What is required: Could the data below be printed out exactly, with the pictures left out?

[[ Provided material open ]]

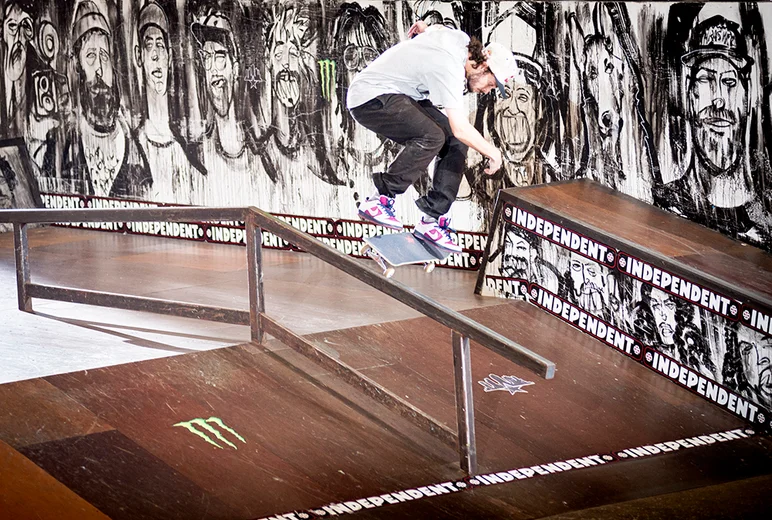 <!--pro19finals-->

Torey takin' the Switch Boardslide back to Switch.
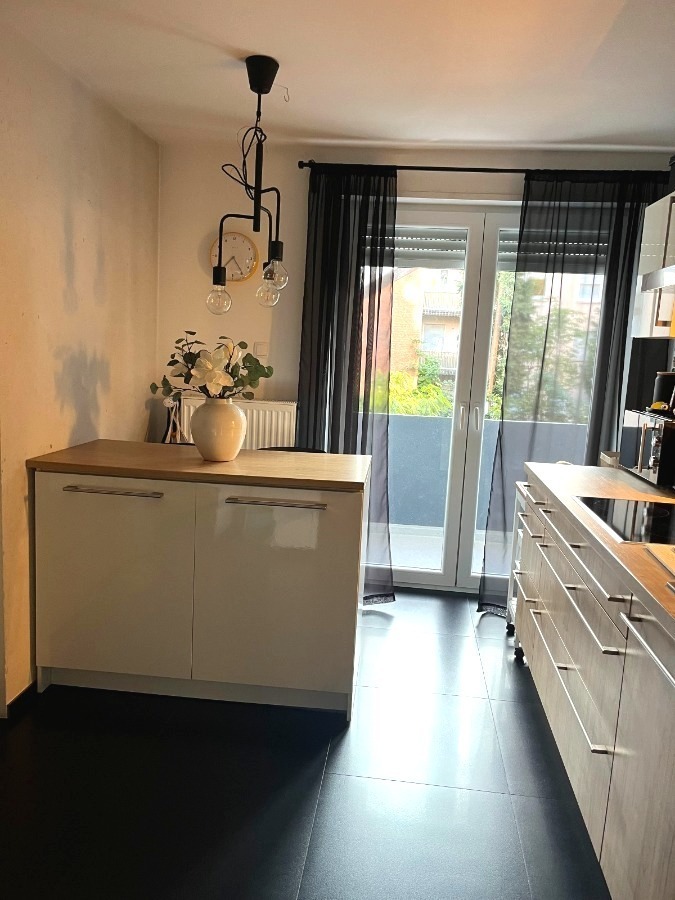 Moderne Hochparterrewohnung in bester Innenstadtlage – ruhig und komfortabel 3 zimmer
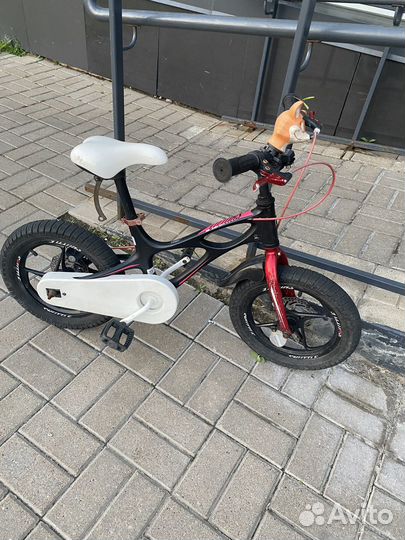 Детский велосипед royal baby space shuttle 16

[[ Provided material closed ]]

Response for this exercise:
 <!--pro19finals-->

Torey takin' the Switch Boardslide back to Switch.
 Moderne Hochparterrewohnung in bester Innenstadtlage – ruhig und komfortabel 3 zimmer
 Детский велосипед royal baby space shuttle 16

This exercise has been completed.